Problem details:
Repeat exactly, and only, the lines below starting at the line that contains "Mevira Siyah Rugan" and ending at the line that contains "Snapshot of Anaelle24", inclusive of both.

*** Opening of Available data ***

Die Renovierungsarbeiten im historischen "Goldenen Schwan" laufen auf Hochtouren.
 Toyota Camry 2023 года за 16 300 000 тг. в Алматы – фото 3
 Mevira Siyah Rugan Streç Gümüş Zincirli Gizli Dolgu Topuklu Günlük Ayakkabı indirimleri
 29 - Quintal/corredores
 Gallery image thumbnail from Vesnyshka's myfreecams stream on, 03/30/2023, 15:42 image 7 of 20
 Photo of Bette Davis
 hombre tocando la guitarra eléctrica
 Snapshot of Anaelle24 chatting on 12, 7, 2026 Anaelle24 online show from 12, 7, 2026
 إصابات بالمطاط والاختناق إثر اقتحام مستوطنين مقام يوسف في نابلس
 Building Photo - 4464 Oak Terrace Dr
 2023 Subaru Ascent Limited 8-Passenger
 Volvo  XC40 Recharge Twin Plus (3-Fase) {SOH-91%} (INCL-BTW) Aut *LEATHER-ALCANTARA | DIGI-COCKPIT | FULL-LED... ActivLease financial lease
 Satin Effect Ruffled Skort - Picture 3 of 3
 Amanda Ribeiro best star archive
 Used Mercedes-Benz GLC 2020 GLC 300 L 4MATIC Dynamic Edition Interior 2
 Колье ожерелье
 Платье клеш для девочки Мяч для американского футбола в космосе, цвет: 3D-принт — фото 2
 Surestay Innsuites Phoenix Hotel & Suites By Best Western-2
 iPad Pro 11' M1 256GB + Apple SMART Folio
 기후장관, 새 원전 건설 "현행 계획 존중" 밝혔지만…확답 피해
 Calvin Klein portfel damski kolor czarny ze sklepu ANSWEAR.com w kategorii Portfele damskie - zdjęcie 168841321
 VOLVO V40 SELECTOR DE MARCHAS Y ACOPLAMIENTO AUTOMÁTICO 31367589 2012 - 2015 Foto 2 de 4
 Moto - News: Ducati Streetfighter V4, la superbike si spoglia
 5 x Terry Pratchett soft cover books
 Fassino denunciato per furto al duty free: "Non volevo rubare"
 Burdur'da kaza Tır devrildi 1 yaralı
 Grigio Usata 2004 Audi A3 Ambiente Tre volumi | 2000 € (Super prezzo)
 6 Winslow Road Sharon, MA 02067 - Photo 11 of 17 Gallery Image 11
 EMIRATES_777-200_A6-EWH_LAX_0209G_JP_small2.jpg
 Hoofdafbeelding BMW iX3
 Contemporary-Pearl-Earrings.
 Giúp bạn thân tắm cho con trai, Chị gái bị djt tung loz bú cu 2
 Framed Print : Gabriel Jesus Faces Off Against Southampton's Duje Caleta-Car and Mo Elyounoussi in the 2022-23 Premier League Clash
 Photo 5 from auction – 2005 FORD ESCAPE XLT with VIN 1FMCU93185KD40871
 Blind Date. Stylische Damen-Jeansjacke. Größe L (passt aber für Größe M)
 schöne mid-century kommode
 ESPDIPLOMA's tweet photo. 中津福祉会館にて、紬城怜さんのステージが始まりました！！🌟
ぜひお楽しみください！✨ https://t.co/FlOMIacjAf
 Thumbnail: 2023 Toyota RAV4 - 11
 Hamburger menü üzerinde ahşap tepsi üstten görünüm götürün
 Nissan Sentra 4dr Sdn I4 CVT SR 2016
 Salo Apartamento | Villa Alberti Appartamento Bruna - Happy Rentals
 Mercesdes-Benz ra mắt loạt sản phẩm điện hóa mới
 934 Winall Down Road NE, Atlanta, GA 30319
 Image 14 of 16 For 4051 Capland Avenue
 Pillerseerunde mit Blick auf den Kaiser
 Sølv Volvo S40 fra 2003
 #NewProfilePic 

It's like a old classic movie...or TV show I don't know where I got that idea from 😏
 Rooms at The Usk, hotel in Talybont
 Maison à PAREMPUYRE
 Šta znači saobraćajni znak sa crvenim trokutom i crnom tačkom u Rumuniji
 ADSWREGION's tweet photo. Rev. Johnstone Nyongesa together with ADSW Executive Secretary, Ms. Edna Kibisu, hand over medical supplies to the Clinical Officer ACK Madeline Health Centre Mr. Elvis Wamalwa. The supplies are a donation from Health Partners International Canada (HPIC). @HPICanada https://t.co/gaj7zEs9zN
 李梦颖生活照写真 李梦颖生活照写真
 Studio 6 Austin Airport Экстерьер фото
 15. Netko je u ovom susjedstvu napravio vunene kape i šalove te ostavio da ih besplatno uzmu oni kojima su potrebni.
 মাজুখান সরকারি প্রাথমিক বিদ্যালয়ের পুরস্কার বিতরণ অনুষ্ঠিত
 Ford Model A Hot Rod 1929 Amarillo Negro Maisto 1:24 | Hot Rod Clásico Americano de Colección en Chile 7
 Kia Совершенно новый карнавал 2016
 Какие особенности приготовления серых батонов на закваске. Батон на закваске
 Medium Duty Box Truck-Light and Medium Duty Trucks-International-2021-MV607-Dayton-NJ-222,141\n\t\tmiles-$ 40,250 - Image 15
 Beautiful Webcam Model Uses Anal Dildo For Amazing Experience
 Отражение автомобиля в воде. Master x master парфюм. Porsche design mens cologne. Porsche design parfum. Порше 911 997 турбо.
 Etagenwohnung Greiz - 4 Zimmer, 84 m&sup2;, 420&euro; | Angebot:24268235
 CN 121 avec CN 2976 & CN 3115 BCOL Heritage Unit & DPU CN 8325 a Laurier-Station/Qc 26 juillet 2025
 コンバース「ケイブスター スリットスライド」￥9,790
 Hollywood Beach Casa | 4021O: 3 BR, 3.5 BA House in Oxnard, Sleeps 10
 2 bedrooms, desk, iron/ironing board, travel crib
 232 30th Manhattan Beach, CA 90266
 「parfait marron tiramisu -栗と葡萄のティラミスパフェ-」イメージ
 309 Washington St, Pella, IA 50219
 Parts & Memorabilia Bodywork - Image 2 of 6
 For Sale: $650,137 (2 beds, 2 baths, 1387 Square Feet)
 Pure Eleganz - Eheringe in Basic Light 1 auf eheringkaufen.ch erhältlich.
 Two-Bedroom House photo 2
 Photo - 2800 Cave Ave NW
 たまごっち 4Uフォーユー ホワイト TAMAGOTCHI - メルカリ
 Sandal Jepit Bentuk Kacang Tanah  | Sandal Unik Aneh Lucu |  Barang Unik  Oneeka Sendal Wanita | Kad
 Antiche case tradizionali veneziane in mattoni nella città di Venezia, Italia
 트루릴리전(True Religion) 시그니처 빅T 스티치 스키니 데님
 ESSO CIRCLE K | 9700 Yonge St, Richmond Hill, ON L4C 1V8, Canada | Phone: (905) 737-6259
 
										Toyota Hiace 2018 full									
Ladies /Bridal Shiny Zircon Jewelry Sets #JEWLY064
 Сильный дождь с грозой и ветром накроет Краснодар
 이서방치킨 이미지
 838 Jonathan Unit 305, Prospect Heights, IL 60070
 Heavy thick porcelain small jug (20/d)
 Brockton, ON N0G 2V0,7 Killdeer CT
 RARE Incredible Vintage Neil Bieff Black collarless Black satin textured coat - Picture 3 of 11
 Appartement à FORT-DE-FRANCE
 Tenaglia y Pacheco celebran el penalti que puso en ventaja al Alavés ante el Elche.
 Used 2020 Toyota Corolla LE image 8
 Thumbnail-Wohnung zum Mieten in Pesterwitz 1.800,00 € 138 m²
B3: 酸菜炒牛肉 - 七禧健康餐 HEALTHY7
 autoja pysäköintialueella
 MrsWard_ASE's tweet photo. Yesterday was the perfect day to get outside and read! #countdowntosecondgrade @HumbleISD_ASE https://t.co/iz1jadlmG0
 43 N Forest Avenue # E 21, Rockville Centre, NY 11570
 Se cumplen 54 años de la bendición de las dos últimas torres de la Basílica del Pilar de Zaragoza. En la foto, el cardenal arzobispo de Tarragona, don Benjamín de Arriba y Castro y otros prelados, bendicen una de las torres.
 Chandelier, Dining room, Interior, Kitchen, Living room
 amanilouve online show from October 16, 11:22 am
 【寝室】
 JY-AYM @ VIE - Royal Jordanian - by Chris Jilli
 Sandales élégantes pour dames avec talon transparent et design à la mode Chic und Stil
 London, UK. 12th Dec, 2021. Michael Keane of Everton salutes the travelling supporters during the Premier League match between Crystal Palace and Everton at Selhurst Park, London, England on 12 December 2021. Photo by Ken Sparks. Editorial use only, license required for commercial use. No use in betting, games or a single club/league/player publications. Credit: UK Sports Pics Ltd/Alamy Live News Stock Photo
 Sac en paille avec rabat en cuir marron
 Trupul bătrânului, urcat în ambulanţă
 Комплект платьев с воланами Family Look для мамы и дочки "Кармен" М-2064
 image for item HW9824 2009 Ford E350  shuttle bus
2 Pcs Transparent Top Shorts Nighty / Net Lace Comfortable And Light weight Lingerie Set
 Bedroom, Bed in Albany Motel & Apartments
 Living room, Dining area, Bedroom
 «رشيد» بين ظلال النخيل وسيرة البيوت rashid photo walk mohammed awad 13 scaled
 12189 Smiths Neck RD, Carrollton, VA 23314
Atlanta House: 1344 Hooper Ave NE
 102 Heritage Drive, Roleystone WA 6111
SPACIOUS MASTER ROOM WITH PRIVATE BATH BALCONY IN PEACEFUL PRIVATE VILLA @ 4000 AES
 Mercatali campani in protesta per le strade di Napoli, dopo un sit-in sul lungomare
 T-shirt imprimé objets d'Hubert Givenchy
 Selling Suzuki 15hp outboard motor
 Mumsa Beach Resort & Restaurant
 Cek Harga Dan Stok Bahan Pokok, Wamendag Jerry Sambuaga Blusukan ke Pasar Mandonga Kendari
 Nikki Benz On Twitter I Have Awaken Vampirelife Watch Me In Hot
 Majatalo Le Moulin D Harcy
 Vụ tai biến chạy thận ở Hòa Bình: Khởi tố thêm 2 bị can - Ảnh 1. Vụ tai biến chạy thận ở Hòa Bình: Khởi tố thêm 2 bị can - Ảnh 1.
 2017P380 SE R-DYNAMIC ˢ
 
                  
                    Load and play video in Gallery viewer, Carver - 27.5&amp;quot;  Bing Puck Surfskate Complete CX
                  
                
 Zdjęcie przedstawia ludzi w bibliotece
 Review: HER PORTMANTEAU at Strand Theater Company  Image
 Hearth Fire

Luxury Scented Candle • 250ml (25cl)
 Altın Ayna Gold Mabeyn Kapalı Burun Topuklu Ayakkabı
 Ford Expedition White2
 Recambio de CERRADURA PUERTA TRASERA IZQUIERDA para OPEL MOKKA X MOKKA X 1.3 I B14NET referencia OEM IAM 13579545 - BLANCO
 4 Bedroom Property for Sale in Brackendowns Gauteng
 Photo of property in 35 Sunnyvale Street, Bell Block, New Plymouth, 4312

*** Close of Available data ***

Response area:
 Mevira Siyah Rugan Streç Gümüş Zincirli Gizli Dolgu Topuklu Günlük Ayakkabı indirimleri
 29 - Quintal/corredores
 Gallery image thumbnail from Vesnyshka's myfreecams stream on, 03/30/2023, 15:42 image 7 of 20
 Photo of Bette Davis
 hombre tocando la guitarra eléctrica
 Snapshot of Anaelle24 chatting on 12, 7, 2026 Anaelle24 online show from 12, 7, 2026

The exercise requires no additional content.